Table.annotate takes a while

Hello,

I’m not sure what’s going on as this is my first time using HAIL but the issue I ran into was trying to annotate a VCF file with some gnomAD data.

gnomAD_raw = hl.read_table('/Users/irenaeuschan/Documents/Irenaeus/Scripts/gnomAD/gnomad.exomes.r2.1.1.sites.ht')
vcf = hl.import_vcf(vcf_file, reference_genome='GRCh37')
vcf.write(base_name + ".mt", overwrite=True)
mt = hl.read_matrix_table(base_name + ".mt")
mt = mt.distinct_by_row()
t = mt.make_table(separator='_')

then annotating

ht_annotate = t.annotate(gnomad_age_dist = gnomAD_raw[t.locus, t.alleles]['age_hist_het']['bin_freq'][age_index])
ht_annotate.export("output/annotated.tsv")

Issue here is at the annotate step, my VCF file contains 15 rows of data (testing with a smaller dataset for now) but I have been stuck on this annotation Stage for an hour, which doesn’t seem to make sense given the small input data.

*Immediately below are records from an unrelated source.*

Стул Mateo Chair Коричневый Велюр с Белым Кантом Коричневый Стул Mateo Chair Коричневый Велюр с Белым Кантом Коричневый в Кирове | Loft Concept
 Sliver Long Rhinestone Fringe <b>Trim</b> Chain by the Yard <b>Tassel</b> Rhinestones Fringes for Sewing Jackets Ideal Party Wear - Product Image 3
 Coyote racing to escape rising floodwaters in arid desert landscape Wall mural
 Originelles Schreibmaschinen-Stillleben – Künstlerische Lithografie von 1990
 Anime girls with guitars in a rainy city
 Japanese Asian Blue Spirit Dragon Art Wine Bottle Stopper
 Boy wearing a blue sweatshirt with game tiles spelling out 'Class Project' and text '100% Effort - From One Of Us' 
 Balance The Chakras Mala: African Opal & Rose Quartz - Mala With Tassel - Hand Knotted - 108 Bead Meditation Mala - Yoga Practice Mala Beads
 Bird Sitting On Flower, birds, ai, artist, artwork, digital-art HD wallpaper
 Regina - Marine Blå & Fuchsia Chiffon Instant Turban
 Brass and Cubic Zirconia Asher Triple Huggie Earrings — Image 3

Furthermore, after the annotate (once it finally finishes), the exporting takes even longer.

Is there a reason for this happening or am I missing something with how I am trying to write the program?

Thanks

The reason this is taking a while is that while your VCF is small, the gnomAD dataset is very large. I think that entire table is getting read to execute this join. Put another way - the execution is O(N + M), where N is the size of your VCF and M is the size of gnomAD.

This is actually a tricky use-case to properly optimize (you want to read only those 15 rows from the gnomad table), but we should have some infrastructure improvements to speed up this pipeline at some point in the medium-term future. Hail is more designed for joining two similarly-large inputs, so if you run this on a larger VCF you won’t see unexpected time sinks (since you have to read both inputs fully regardless!)

One question - how many samples do you have in that VCF? make_table really doesn’t scale well, and you should try to stay in matrixtable world if possible.

Thank you for your response,

To optimize this process, would pre-filtering the gnomAD dataset be useful to create a sub filtered gnomAD dataset? Something like…

gnomAD_filtered = gnomAD_raw.filter(hl.is_defined(t[gnomAD_raw.locus, gnomAD_raw.alleles]))

This would restrict my gnomAD dataset to only the locus and alleles found within my tables, so the joins would be much faster?

One question - how many samples do you have in that VCF? make_table really doesn’t scale well, and you should try to stay in matrixtable world if possible.

For this initial test set there are only 40 Samples, but I suspect there will be over 1,000 in the actual dataset. I am using the make_table in order to create the filtered version of the gnomAD and the only way I was able to make it work was using a table. Tried to filter the gnomAD_raw using a matrix_table and was getting some ht.distinct, ht.select error each time.

If you’re going to do this many times, then pre-filtering with this code above, writing to disk, and reading back the subset in the future will save a lot of time. If you’re doing this annotation once, the two are equivalent.

Can you post what you tried on the matrixtable? Working with a MT should be easier than with a make_table representation.

It will be hard to write to disk for our case because our annotation query will be different each time we will be using this segment of the code. Additionally, the issue is how long it will take, I am currently running this annotation on one of our clusters and with allocating 20 processors, 240GB of RAM, and giving it 24GB for driver-memory the annotation is taking 8+ hours as it currently stands.

I’m not sure how to make it more efficient. Or if there is a way to make it more efficient without having to wait hours for the annotation to occur and then to export the table.

As per MT

This is what I have now,

gnomAD_filtered = gnomAD_raw.filter(hl.is_defined(t[gnomAD_raw.locus, gnomAD_raw.alleles]))

But previously, I tried to filter the gnomAD_raw by doing something like,

gnomAD_filtered = gnomAD_raw.filter(hl.is_defined(gnomAD_raw[mt.locus, mt.alleles]))

which gave this error because the gnomAD_raw is a Hail Table

Expected an expression from source <hail.table.Table object at 0x7fb8953f7320>
Found expression derived from source <hail.matrixtable.MatrixTable object at 0x7fb8951ce128>
Problematic field(s): [‘locus’, ‘alleles’]

This error is commonly caused by chaining methods together:
>>> ht.distinct().select(ht.x)

This is throwing an error because the join is flipped. Should be:

gnomAD_filtered = gnomAD_raw.filter(hl.is_defined(mt.index_rows(gnomAD_raw.key)))

or easier:

gnomAD_filtered = gnomAD_raw.semi_join(mt.rows())

The 8-hour runtime is surprising, though. I would expect this to take less than an hour.